New corporate responsibility rules for EU companies

Out-Law Guide | 23 May 2022 | 3:20 pm | 4 min. read

The European Commission has adopted a proposal for legislation which will require large companies to comply with rules fostering sustainable and responsible corporate behaviour.

The proposal for the Corporate Sustainability Due Diligence Directive was adopted on 23 February 2022. The Directive’s aim is to anchor human rights and environmental considerations in the operations and corporate governance of those companies in scope.

The Directive’s objectives will be achieved by imposing a number of new obligations on large EU-headquartered companies and a number of others headquartered outside the EU, but active within the union.

The Directive imposes additional duties on directors of companies in scope of the legislation to conduct corporate due diligence, as well as on directors who join the board of a company acquired following a merger and acquisition (M&A) process.

The rules will apply to a company’s own operations, its subsidiaries and its value chains – both direct and indirect established business relationships.

New obligations

The Directive establishes a corporate due diligence duty which at its core is a duty to identify, bring to an end, prevent, mitigate and account for negative human rights and environmental impacts in the company’s own operations and those of its subsidiaries and value chains.

The requirements of the Directive will not apply to all EU companies, but are expected to apply to several thousand large organisations and those in high-impact sectors

Certain large companies will also need to have a plan to ensure that their business strategy is compatible with limiting global warming to 1.5°C in line with the Paris Agreement.

The costs of implementing the due diligence procedures will be borne by the relevant companies.

In order to comply with the corporate due diligence duty, companies need to:

  • integrate due diligence into policies;
  • identify actual or potential adverse human rights and environmental impacts;
  • prevent or mitigate potential impacts;
  • bring to an end or minimise actual impacts;
  • establish and maintain a complaints procedure;
  • monitor the effectiveness of the due diligence policy and measures; and
  • publicly communicate on due diligence.

When it comes to M&A, the shareholders and directors of target companies will need to demonstrate that they have complied with these duties as prospective purchasers will be adding this to the list of areas on which they conduct due diligence prior to potential acquisitions.

Prospective purchasers are likely to seek some form of warranty protection in acquisition agreements in relation to a target company’s compliance with the terms of the Directive up to the point of sale, and shareholders will need to be confident that they are in a position to stand over any such warranties.

Directors’ duties

It is recognised in the Directive that in order to ensure that due diligence becomes part of how companies function, company directors must be involved. It is on that basis that the Directive introduces further duties to establish and supervise the implementation of due diligence measures into the company’s corporate strategy.

Duties include setting up and overseeing the implementation of the due diligence processes and integrating due diligence into the corporate strategy.

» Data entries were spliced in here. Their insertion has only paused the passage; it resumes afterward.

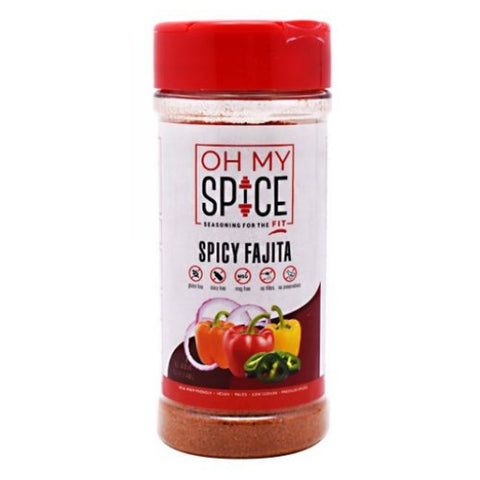 Oh My Spice, LLC, Oh My Spice, Spicy Fajita 5 Oz Oh My Spice, LLC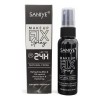 Kit 2 Fijadores De Maquillaje Saniye Fix Control Brillo Agua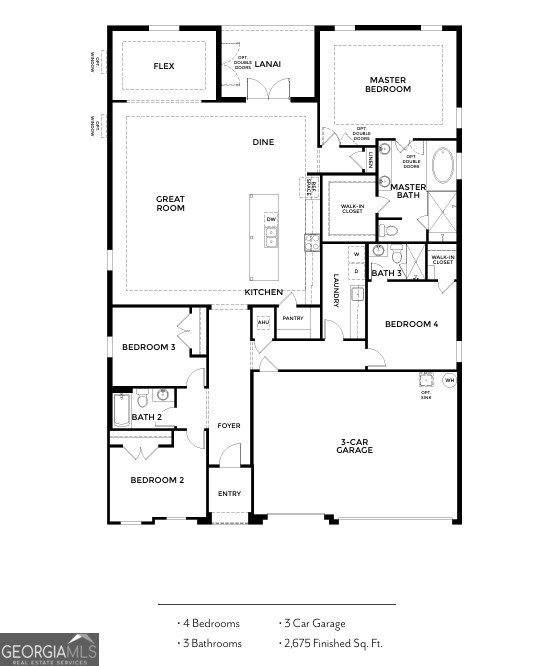 202 Savannah Way St. Marys - 2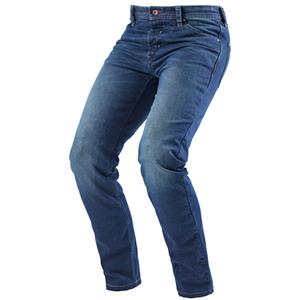 Дънки за мотоциклет Furygan D12 X Kevlar® Straight Blue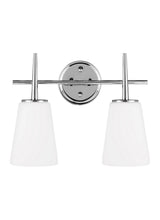 Driscoll Two Light Bath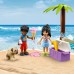 LEGO Friends pludmales bumbas prieki (41725)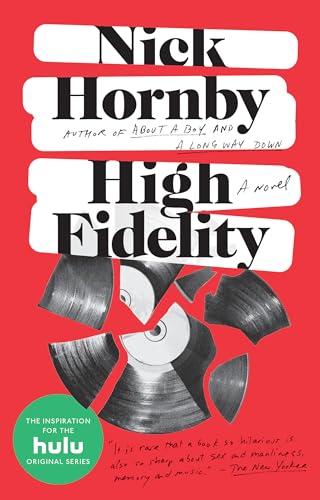 High Fidelity cover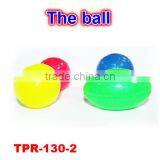 Novelty Colorful TPR Balls for Kids thumbnail-2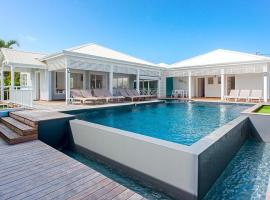 Hôtel La Christophine Tourism Africa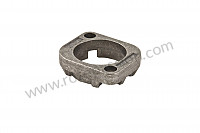 P15469 - Reinforcement plate for Porsche 993 / 911 Carrera • 1996 • 993 rs • Coupe • Manual gearbox, 6 speed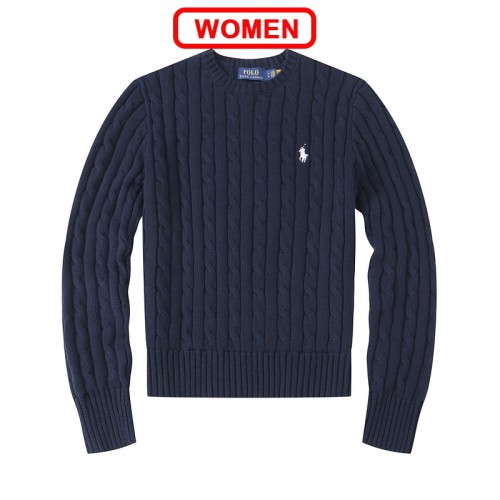 5A Women The Iconic Cable-Knit Cashmere Jumper Sweater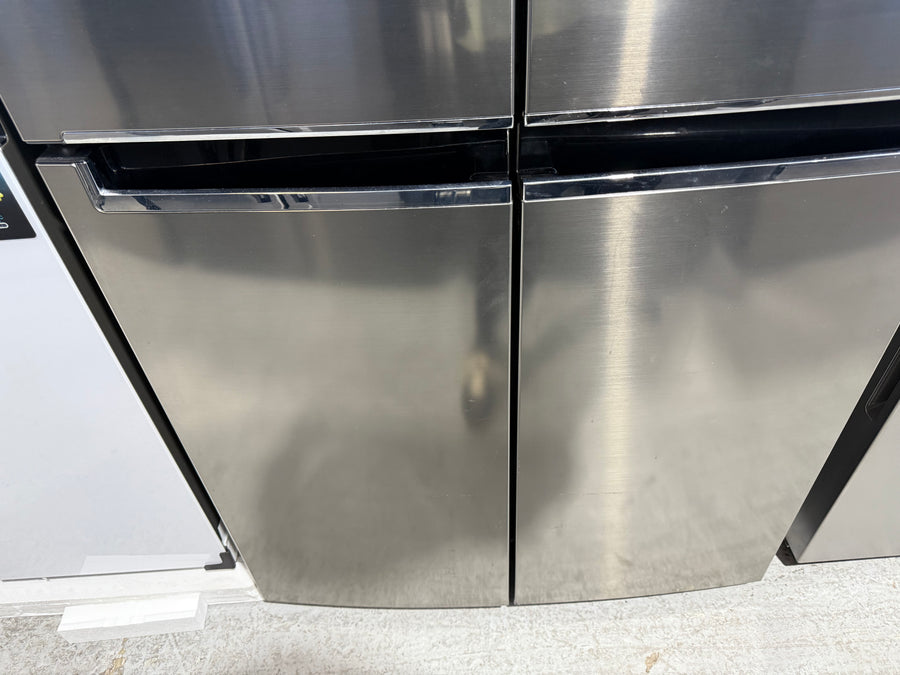 Factory second LG 530L French Door Refrigerator Model:GF-B590PL - Second Hand Appliances Geebung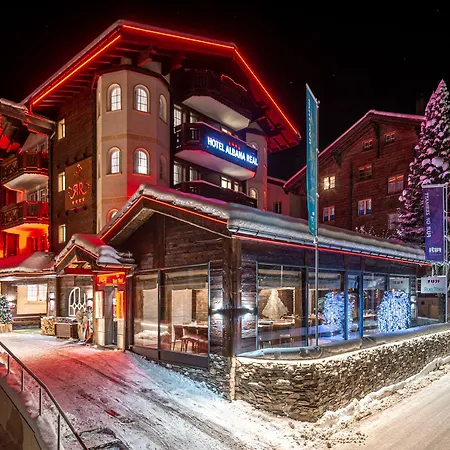 Albana Real Hotel - Restaurants & Spa Hotel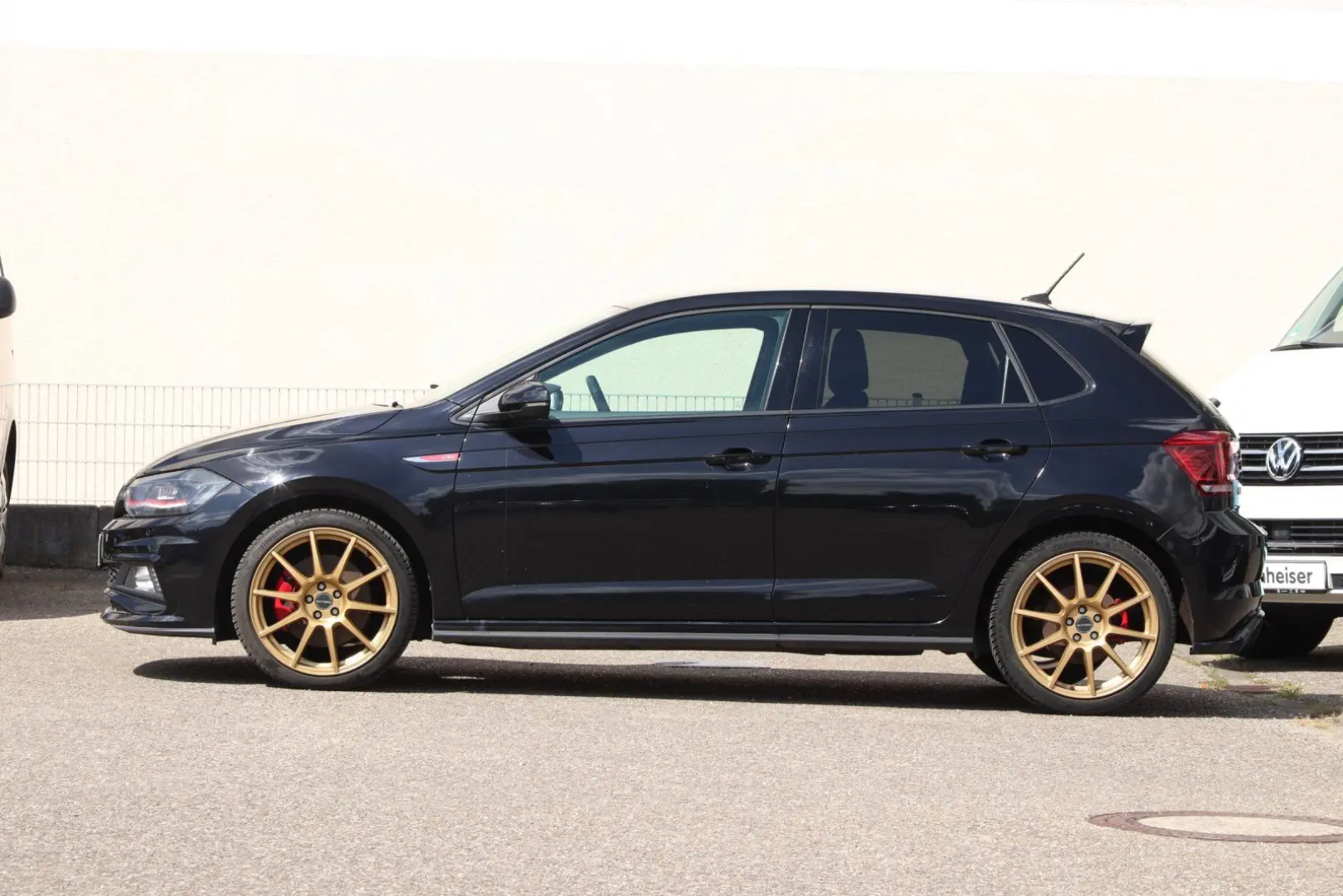 Polo GTI 2.0 TSI DSG ACC*LED*NAV*SHZ*dig.Cockpit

For directors of Irish companies, this builds on the existing directors’ duties as set out in the Companies Act 2014, most notably the duty to act in the best interest of the company. It also places an additional duty on directors to take into account the consequences of their decisions on sustainability issues, including, where appropriate, human rights, climate change and the environment, across the short, medium and long term.

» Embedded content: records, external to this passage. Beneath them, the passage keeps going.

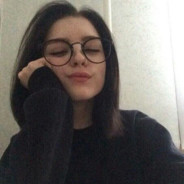 девочка в очках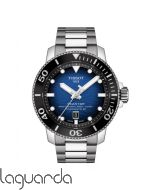 T120.607.11.041.01 | Reloj Tissot Seastar 2000 Powermatic 80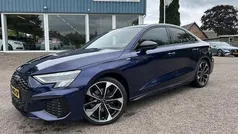 Gebruikt 2021 Audi A3 S-Line Sedan | € 30.650 (Eerlijke prijs)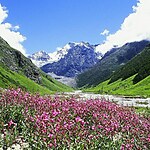 UNESCO World Heritage Sites: Nanda Devi and Valley of Flowers National Parks-Sheet1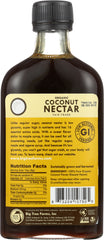 BIG TREE FARMS: Coconut Nectar Organic Amber, 11.5 oz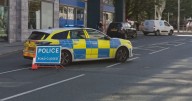 Live: Busy Plymouth road closed after crash near Tesco store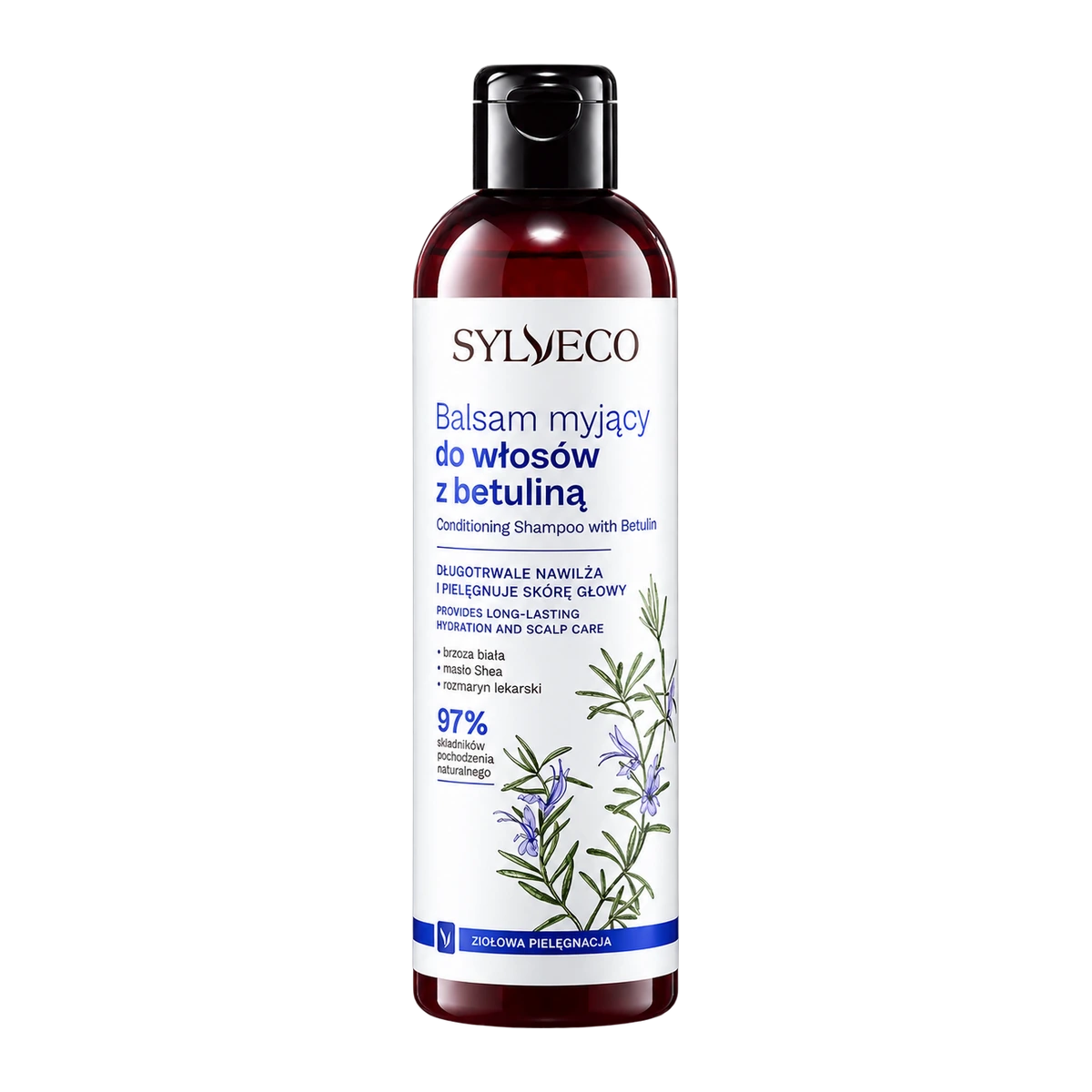 SYLVECO Balsam myjący do włosów z betuliną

In the context of M&A, any directors to be appointed to a target company upon acquisition will need to be aware of the ongoing duties imposed on them by virtue of this Directive. Their ability to assume these additional duties upon their appointment will be linked to the level of comfort they have been able to obtain with regards to the compliance of any existing or resigning directors with the obligations of the Directive.

Companies in scope

The requirements of the Directive will not apply to all EU companies, but are expected to apply to several thousand large organisations and those in high-impact sectors.

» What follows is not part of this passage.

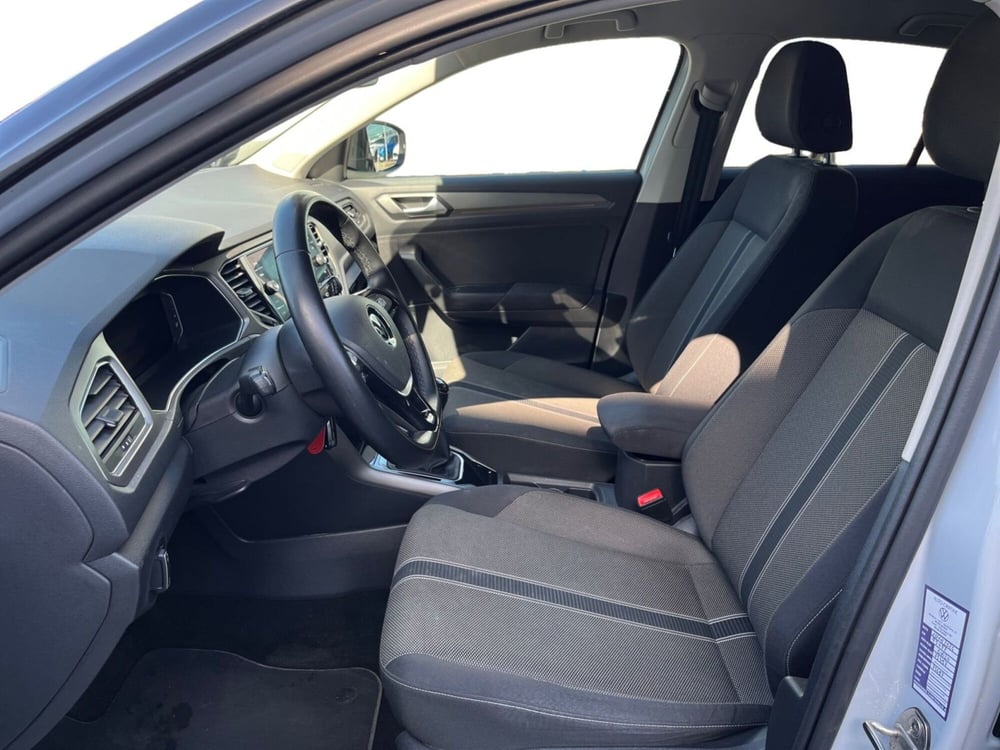 Volkswagen T-Roc usata a Modena (15)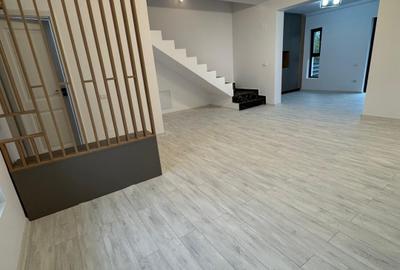Duplex cu 4 camere în Trivale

Companies will be divided into two groups, with the rules applying both to large EU limited liability companies and to third-country companies which generate turnover in the EU equivalent to the defined revenue thresholds for EU companies.

Group 1, which is expected to catch around 9,400 EU and 2,600 non-EU companies, will consist of businesses with more than 500 employees and turnover in excess of €150 million.

Group 2 captures companies with at least 250 employees and turnover of €40m or more operating in ‘high-impact’ sectors including textiles, agriculture and extraction of minerals. Around 3,400 EU companies and 1,400 non-EU companies will fit into this group, and the Directive will apply to this group two years later than companies in group 1.

Enforcement

The Directive will be enforced through administrative supervision and civil liability.

EU member states will have to designate an authority to supervise and impose effective, proportionate and dissuasive sanctions, including fines and compliance orders.

The European Commission will also set up a network of supervisory authorities to ensure a coordinated approach to the implementation of the Directive.

Separately, member states will have to make sure victims are compensated for a companies’ failure to comply with the obligations of the new proposals.

The directors' duties rules will be enforced through existing member states' laws, and the Directive does not propose the introduction of an additional enforcement regime in the event that directors do not comply with their obligations.

Next steps

The proposal will be presented to the European Parliament and the European Council for approval. Once adopted, member states will have two years to transpose the Directive into national law and communicate the relevant texts to the European Commission.